The quake threat to the nation’s aging nuclear plants has taken center stage since a 5.8-magnitude earthquake struck the East Coast on Aug. 23, causing rumbling from the Carolinas to Canada.
The epicenter of that quake was just 12 miles from Dominion Virginia Power’s North Anna Nuclear Plant, near Richmond. Two reactors at the plant automatically shut down and cooled during the quake, and “Unusual Events” were reported at 12 other plants nationwide, triggering stepped-up monitoring.
North Anna Concerns Continue
Although all other plants resumed normal operations within 48 hours, monitoring has continued at North Anna, where the plant automatically switched to diesel generators when the quake knocked out the regular power. The quake also shifted about two dozen spent fuel containers, but all remained intact, Dominion Virginia Power told the Associated Press.
Dominion Virginia Power
|Two nuclear reactors at the North Anna Power Station have not been restarted since the East Coast quake of Aug. 23.|
The Nuclear Regulatory Commission has beefed up its inspection team at North Anna since the quake, saying it may have affected the facility more than initially reported.

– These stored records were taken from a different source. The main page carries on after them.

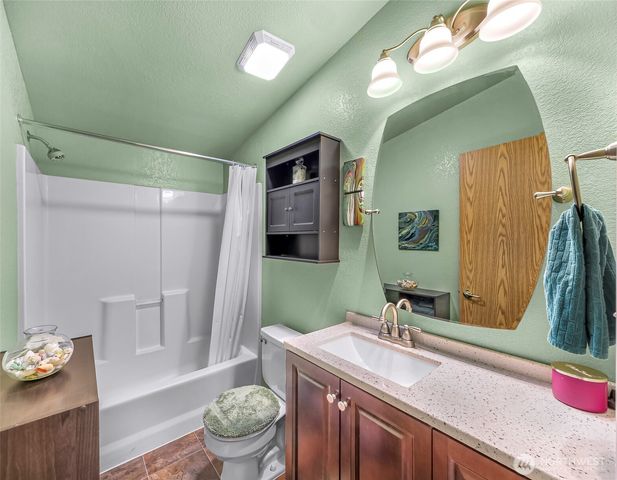 846 Deep Valley Drive, Maple Falls, WA 98266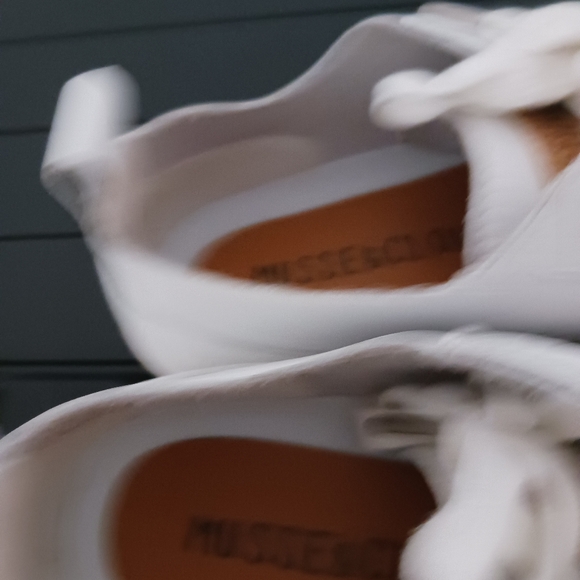 Musse & Cloud Leather Sneaker - Picture 7 of 7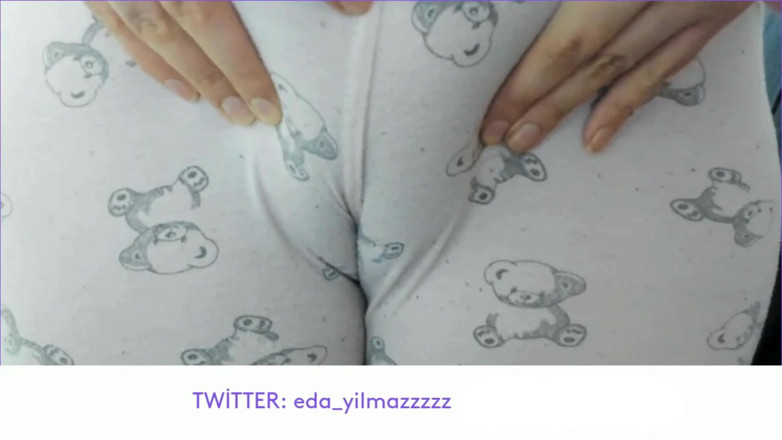 bigass_sexy_bigboobs: Masturbation en pyjama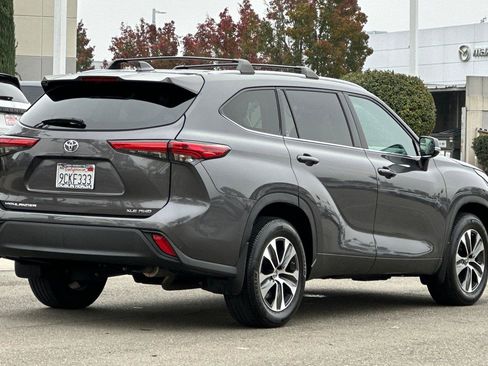 Used 2022 Toyota Highlander XLE image 4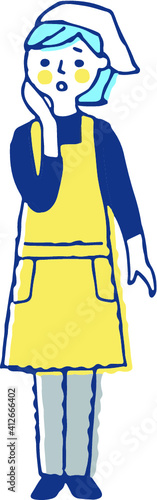 困っている表情のエプロン姿の女性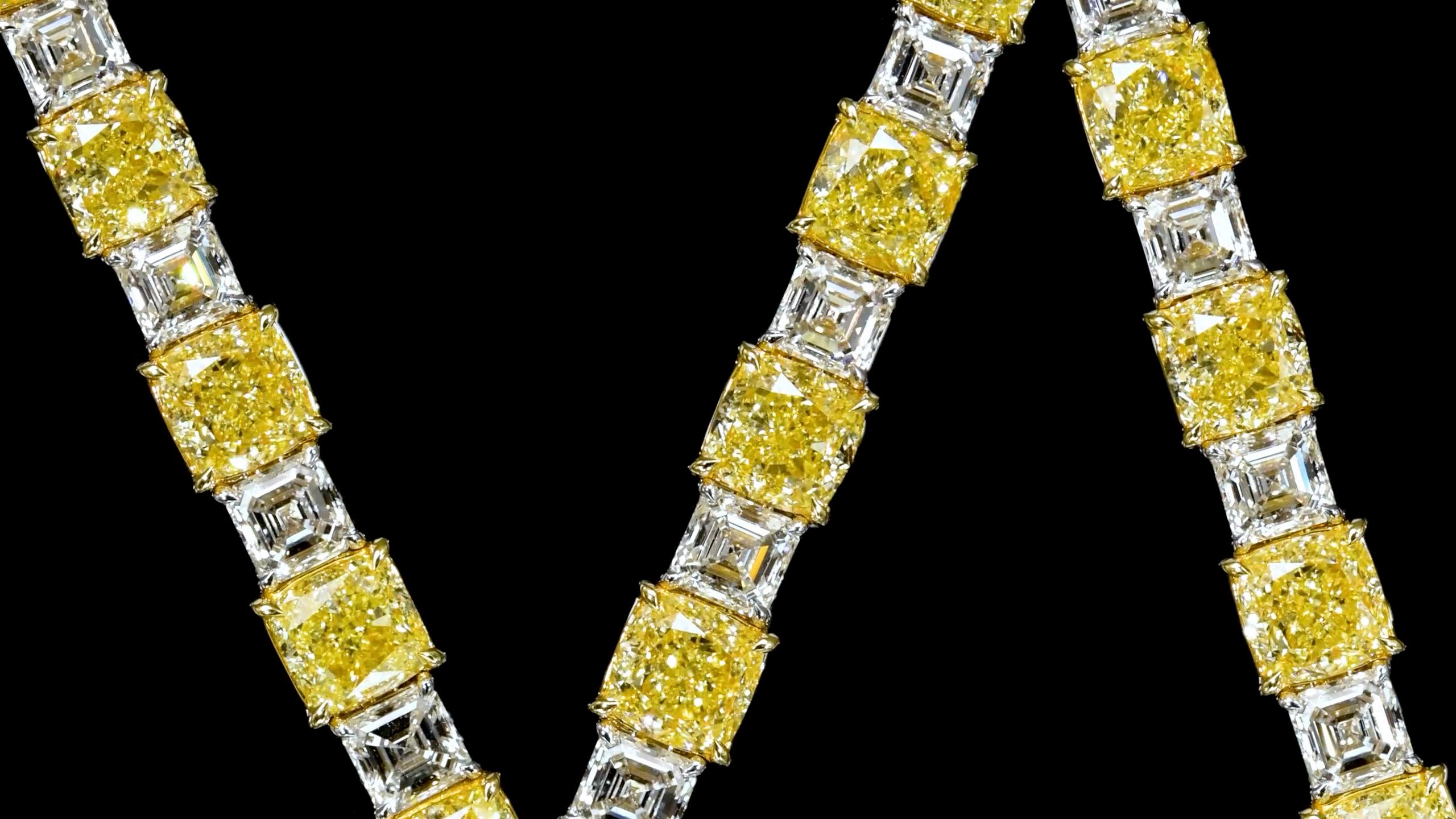Emilio Jewelry Gia zertifiziertes 23,64 Karat gelbes-weißes Diamantarmband  (Asscher-Schliff) im Angebot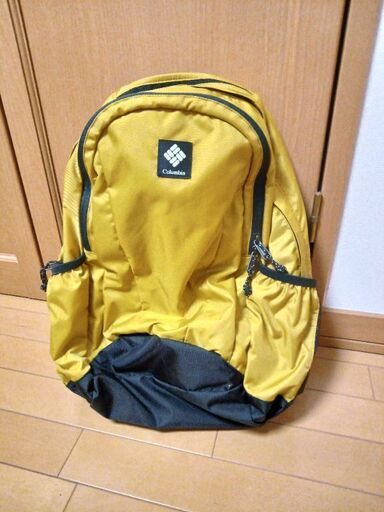 【募集中】Columbia バックパック 防水 イエロー ほぼ未使用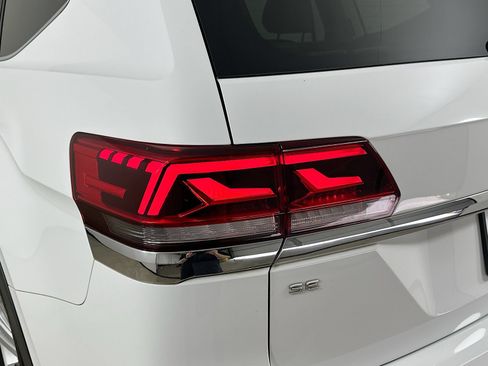 Certified 2023 Volkswagen Atlas SE AWD/4WD image 12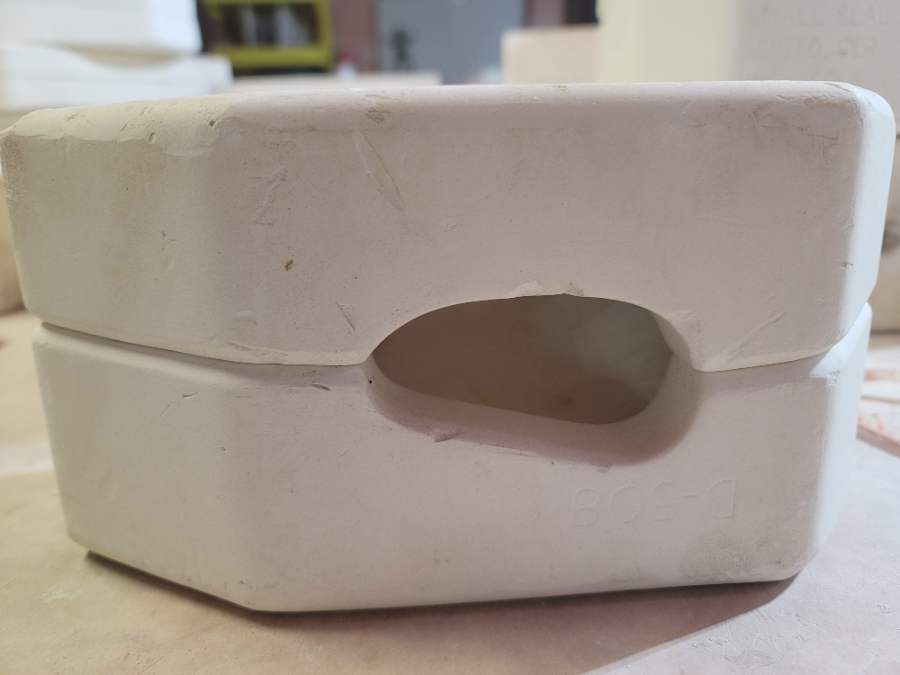 Dona's · D508 · Laying Baby Duck · Ceramic Mold — Sides & seams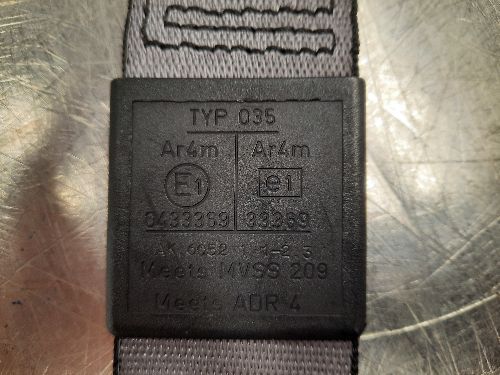 BMW E31 8 SERIES Right Or Left Rear Seat Belt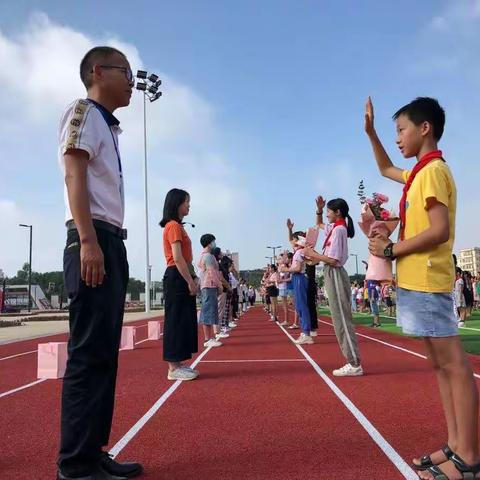 铭记园丁恩，鲜花诉深情——从化区太平镇第三中心小学举行庆祝教师节献花感恩活动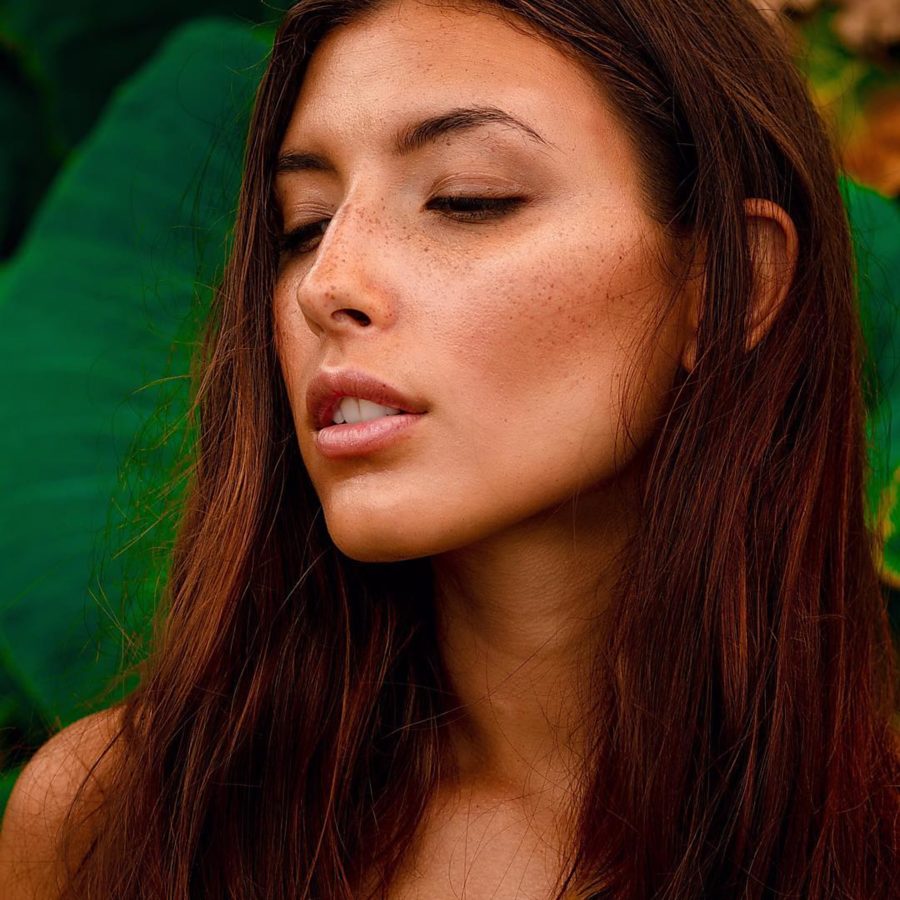 Aly Rae Santos model. Photoshoot of model Aly Rae Santos demonstrating Face Modeling.Face Modeling Photo #204552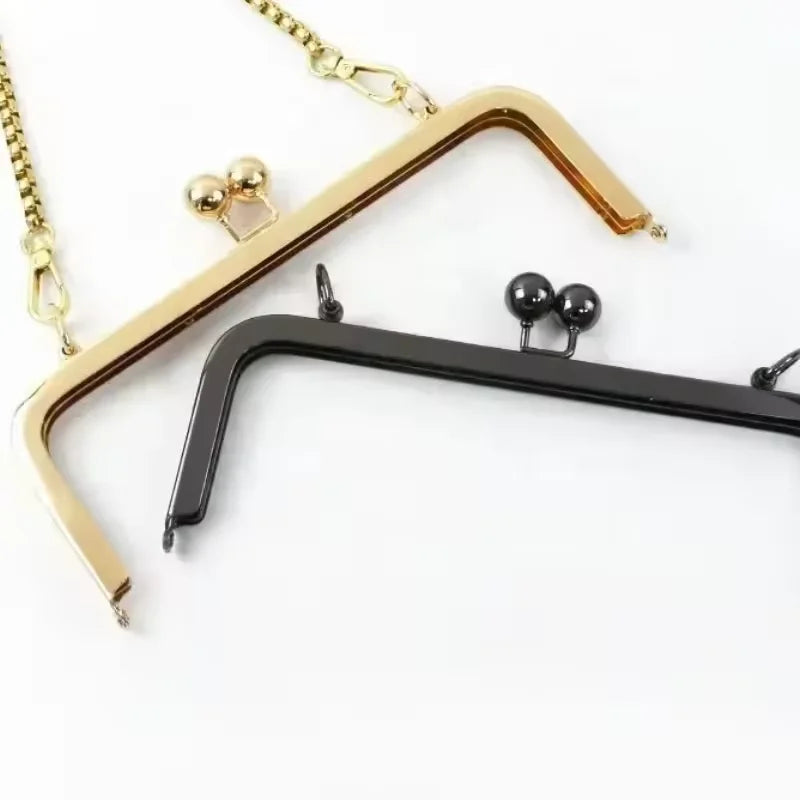 MZ Hardware Hand Bags Metal Purse Frame Square Buckle Handle Kiss Clasp Purse Frame Metal Purse Frame Clutch Bag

Dominion has said that the plant—originally licensed in 1978 and granted a 35-year renewal in 2003—could withstand a quake of 5.9 to 6.1 magnitude.
Ground Movement Analyzed
On Wednesday (Sept. 7), the NRC reported that it would hold a meeting Thursday (Sept. 8) to update the situation at North Anna, where the reactors have not been restarted.
At the meeting, Dominion is expected to discuss its latest analysis of ground motion at the plant and to outline the next steps in determining whether the plant meets NRC requirements to restart.
“Ongoing analysis by both the NRC and Dominion indicates the earthquake may have subjected the plant to more ground movement than specified in the plants’ designs,” the NRC said Wednesday.
The meeting will be broadcast live online. A final report on North Anna’s safety is not expected until mid-October.
Seismic Risks Studied
The NRC has been concerned about seismic risks to its facilities for some time, the AP reports. Well before the Japanese quake and nuclear disaster in March, the agency launched its first review in years aimed at updating the seismic risks to the 104-reactor U.S. system.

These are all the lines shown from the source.